As above. I make separate sheets with the DRO settings and end-mill, twistdrill, TPI and depth size. I designate the 0-0 point and everything possible is done in one layout from those coordinates. With the piece in front of me, I recheck the coordinates and radius to make sure I am at the drawing measurement. When I'm done and everything is correct and verified, I go back to the CAD drawing and put a little circle with a big K in it some wheres on the bottom of the drawing. Then if I want to reuse it in the future, I know it is good to go. I make some work aids and fixtures for a couple of small Mom & Pop businesses. They may call up and ask for a couple more of something I did two years ago.

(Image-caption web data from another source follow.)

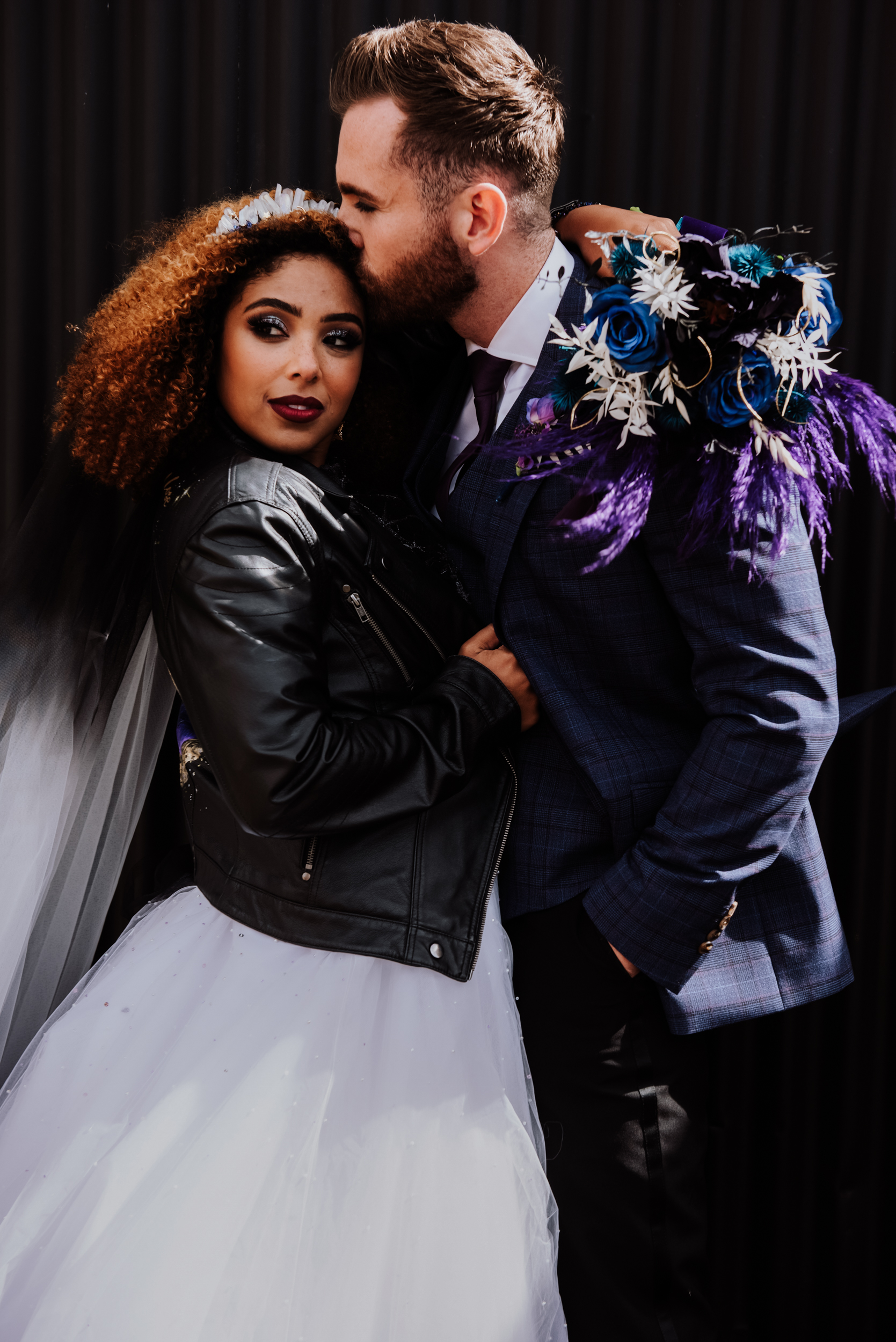 luxury galaxy wedding - bride in leather jacket with unique wedding flowers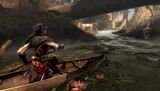 Aveline traversing the waters of the Bayou using a canoe.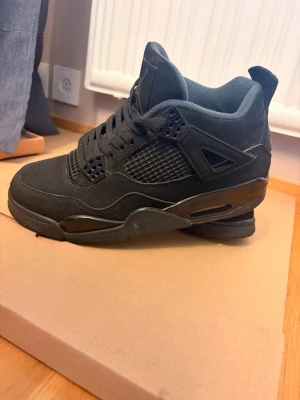 Nike Jordan 4 Retro Black Cat sneakers stl 42 - Nike Jordan Black Cat Retro. Snygga helsvarta sneakers med högt skaft och klassisk siluett. Skorna har meshdetaljer på sidorna, tjock sula och vadderad plös. Materialet ser ut att vara en mix av mocka och textil, med coola detaljer och breda skosnören. Knappt använda pga fel storlek. 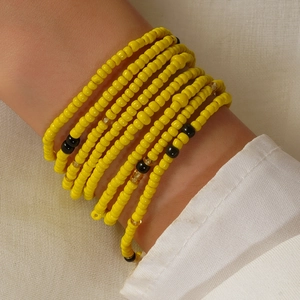 Bohemian colorful handmade beaded body chain with yellow and black layers for summer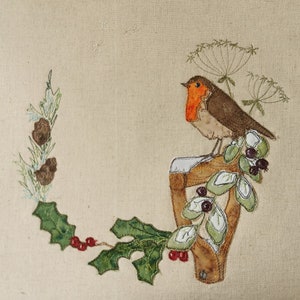 Könnte beinhalten: Ein Rotkehlchen sitzt auf einer Holzkonstruktion mit Stechpalme und Beeren. Das Rotkehlchen ist braun mit einer roten Brust und von grünen Blättern umgeben.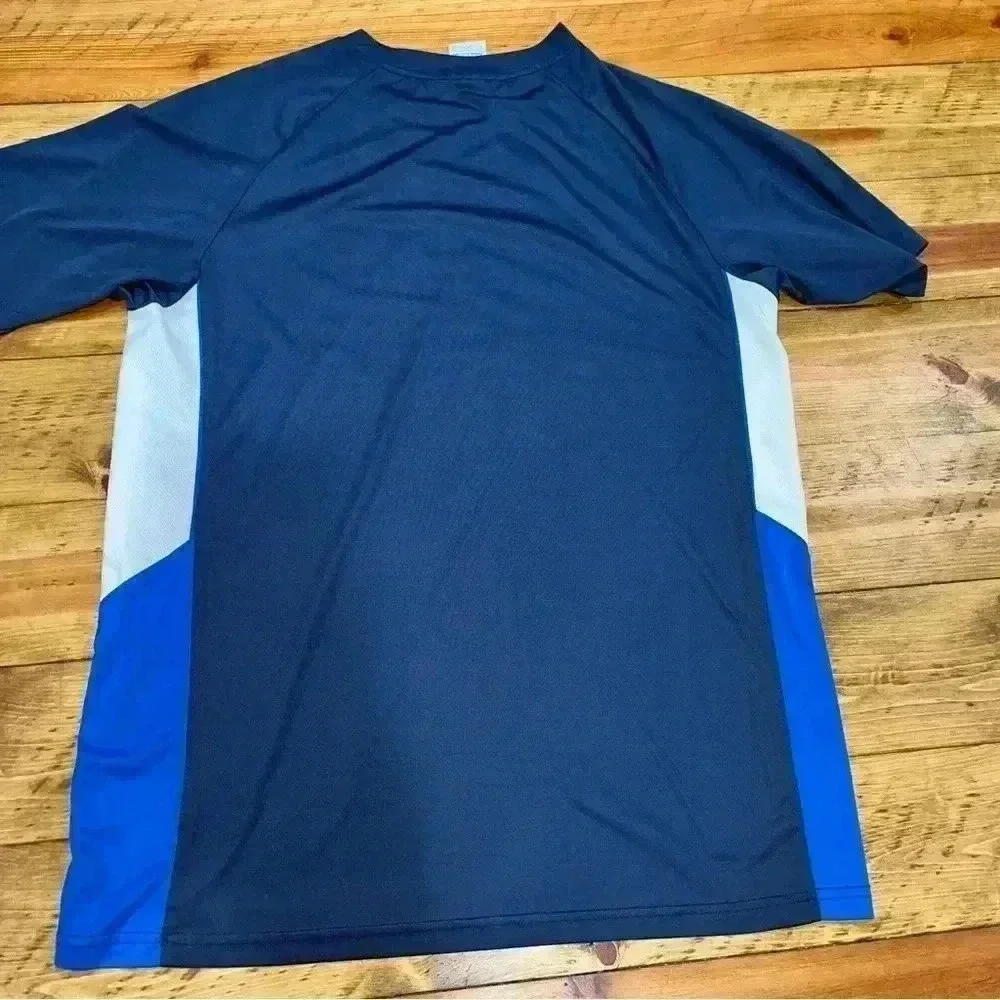 Nike Dri fit vented sides shirt sleeve shirt with Nike emblem on chest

Looking at the supplied drawing in your case, there are so many dimensions my eyes would swim. The possibility of an error is greatly increased. All the dimensions are needed and I have some drawings that look the same, including my own. I would make a couple of copy's of what i was doing and white out almost all of the dimensions and layout lines not needed for that operation. Then specify what drill size, notes are needed for that operation only. If you put two different operations on a single sheet, I would use different colored highlighters on the points and notes. Say green for 1/4" drill, red for 3/8" endmill, etc. I find it actually speeds up the machining this way. Looking stupid with crayon drawings is better then being stupid with a missed machining operation.